You cannot select more than 25 topics Topics must start with a letter or number, can include dashes ('-') and can be up to 35 characters long.

241 lines
7.6 KiB
Python

# -*- coding: utf-8 -*-
# Natural Language Toolkit: Language Models
#
# Copyright (C) 2001-2019 NLTK Project
# Authors: Ilia Kurenkov <ilia.kurenkov@gmail.com>
# URL: <http://nltk.org/
# For license information, see LICENSE.TXT
"""
NLTK Language Modeling Module.
------------------------------
Currently this module covers only ngram language models, but it should be easy
to extend to neural models.
Preparing Data
==============
Before we train our ngram models it is necessary to make sure the data we put in
them is in the right format.
Let's say we have a text that is a list of sentences, where each sentence is
a list of strings. For simplicity we just consider a text consisting of
characters instead of words.
>>> text = [['a', 'b', 'c'], ['a', 'c', 'd', 'c', 'e', 'f']]
If we want to train a bigram model, we need to turn this text into bigrams.

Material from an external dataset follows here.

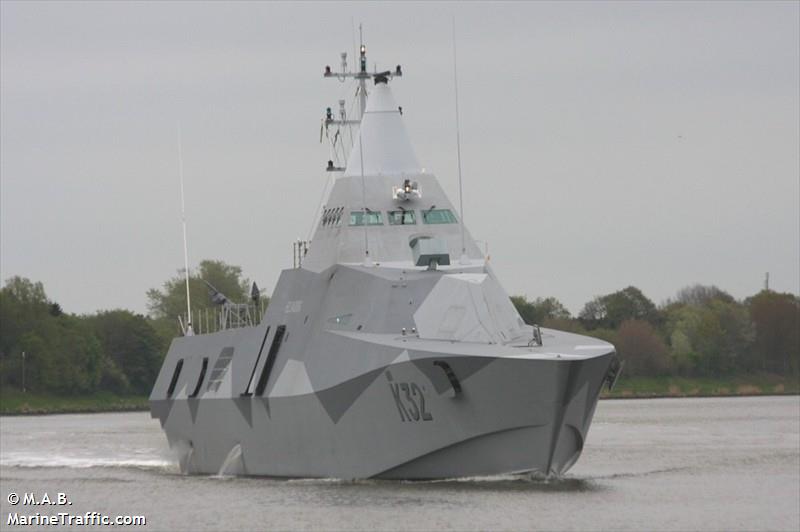 swedish warship k32 (Military ops) - IMO , MMSI 265897000, Call Sign SMLG under the flag of Sweden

Here's what the first sentence of our text would look like if we use a function
from NLTK for this.
>>> from nltk.util import bigrams
>>> list(bigrams(text[0]))
[('a', 'b'), ('b', 'c')]
Notice how "b" occurs both as the first and second member of different bigrams
but "a" and "c" don't? Wouldn't it be nice to somehow indicate how often sentences
start with "a" and end with "c"?
A standard way to deal with this is to add special "padding" symbols to the
sentence before splitting it into ngrams.
Fortunately, NLTK also has a function for that, let's see what it does to the
first sentence.
>>> from nltk.util import pad_sequence
>>> list(pad_sequence(text[0],
... pad_left=True,
... left_pad_symbol="<s>",
... pad_right=True,
... right_pad_symbol="</s>",
... n=2))
['<s>', 'a', 'b', 'c', '</s>']
Note the `n` argument, that tells the function we need padding for bigrams.
Now, passing all these parameters every time is tedious and in most cases they
can be safely assumed as defaults anyway.
Thus our module provides a convenience function that has all these arguments
already set while the other arguments remain the same as for `pad_sequence`.
>>> from nltk.lm.preprocessing import pad_both_ends
>>> list(pad_both_ends(text[0], n=2))
['<s>', 'a', 'b', 'c', '</s>']
Combining the two parts discussed so far we get the following preparation steps
for one sentence.
>>> list(bigrams(pad_both_ends(text[0], n=2)))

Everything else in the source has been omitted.